** Opening AVAILABLE DATA block **

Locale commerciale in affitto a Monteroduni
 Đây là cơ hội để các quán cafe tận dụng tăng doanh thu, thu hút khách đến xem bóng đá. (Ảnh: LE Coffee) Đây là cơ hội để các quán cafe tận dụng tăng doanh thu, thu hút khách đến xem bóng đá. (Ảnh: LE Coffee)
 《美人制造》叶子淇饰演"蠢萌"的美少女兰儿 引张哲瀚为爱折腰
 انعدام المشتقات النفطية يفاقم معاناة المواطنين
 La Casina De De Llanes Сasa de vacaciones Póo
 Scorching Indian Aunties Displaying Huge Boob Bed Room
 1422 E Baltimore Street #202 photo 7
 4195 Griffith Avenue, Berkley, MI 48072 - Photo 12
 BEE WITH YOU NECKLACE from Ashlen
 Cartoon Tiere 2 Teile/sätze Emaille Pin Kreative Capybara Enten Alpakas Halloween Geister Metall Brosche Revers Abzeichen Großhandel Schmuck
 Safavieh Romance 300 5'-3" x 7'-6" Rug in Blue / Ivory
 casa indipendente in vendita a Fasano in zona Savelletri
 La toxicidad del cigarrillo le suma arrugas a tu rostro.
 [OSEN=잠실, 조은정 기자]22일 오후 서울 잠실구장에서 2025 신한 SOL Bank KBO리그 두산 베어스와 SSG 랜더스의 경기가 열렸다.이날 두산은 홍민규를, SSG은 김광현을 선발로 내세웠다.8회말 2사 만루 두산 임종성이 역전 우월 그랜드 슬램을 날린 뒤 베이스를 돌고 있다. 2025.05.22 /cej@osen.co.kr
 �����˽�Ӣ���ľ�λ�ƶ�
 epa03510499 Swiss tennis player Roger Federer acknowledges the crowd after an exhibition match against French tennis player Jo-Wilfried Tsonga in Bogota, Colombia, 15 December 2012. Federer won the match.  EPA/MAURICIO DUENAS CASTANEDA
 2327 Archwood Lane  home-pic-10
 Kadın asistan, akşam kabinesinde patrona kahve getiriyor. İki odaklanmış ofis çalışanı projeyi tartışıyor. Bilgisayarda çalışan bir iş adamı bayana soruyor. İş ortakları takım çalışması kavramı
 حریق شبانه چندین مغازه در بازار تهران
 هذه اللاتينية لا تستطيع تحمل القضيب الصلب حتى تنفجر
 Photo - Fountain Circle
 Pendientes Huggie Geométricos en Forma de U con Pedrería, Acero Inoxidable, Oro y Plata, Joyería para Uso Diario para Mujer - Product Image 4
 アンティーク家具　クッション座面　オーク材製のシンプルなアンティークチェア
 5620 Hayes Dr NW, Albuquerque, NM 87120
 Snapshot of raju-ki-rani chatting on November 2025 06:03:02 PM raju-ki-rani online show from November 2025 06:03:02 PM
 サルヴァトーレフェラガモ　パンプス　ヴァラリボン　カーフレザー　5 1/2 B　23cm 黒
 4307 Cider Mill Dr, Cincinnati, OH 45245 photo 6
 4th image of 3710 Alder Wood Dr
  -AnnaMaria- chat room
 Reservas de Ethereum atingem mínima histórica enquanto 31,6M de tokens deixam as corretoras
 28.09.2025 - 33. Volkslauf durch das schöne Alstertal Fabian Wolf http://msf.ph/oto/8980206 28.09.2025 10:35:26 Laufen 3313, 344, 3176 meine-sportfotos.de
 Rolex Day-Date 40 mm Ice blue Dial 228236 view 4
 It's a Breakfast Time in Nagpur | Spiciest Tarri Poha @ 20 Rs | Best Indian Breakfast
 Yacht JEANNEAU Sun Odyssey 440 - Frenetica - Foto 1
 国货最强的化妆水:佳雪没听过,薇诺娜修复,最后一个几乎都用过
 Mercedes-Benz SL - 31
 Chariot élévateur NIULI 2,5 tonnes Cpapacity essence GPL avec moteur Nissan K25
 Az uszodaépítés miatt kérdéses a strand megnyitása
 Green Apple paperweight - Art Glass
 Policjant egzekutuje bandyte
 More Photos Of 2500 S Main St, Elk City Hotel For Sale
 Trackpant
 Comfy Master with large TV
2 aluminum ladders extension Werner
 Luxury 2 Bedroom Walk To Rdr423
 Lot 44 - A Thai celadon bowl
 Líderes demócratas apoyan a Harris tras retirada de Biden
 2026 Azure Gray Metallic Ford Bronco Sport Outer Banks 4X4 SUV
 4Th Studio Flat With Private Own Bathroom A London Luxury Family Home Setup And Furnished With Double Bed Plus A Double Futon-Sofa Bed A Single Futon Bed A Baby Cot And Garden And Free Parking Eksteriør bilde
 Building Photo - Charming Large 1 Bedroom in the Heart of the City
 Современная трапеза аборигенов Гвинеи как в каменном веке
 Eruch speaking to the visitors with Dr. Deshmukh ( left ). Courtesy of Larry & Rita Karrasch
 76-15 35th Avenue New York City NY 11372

** Closing AVAILABLE DATA block **

▸ **TASK BRIEF**: Copy verbatim, from the listing above, each line from the one containing "4th image of 3710 Alder Wood Dr" down to the one containing "Chariot élévateur NIULI", inclusive.

▸ **EXERCISE RESULT**:
 4th image of 3710 Alder Wood Dr
  -AnnaMaria- chat room
 Reservas de Ethereum atingem mínima histórica enquanto 31,6M de tokens deixam as corretoras
 28.09.2025 - 33. Volkslauf durch das schöne Alstertal Fabian Wolf http://msf.ph/oto/8980206 28.09.2025 10:35:26 Laufen 3313, 344, 3176 meine-sportfotos.de
 Rolex Day-Date 40 mm Ice blue Dial 228236 view 4
 It's a Breakfast Time in Nagpur | Spiciest Tarri Poha @ 20 Rs | Best Indian Breakfast
 Yacht JEANNEAU Sun Odyssey 440 - Frenetica - Foto 1
 国货最强的化妆水:佳雪没听过,薇诺娜修复,最后一个几乎都用过
 Mercedes-Benz SL - 31
 Chariot élévateur NIULI 2,5 tonnes Cpapacity essence GPL avec moteur Nissan K25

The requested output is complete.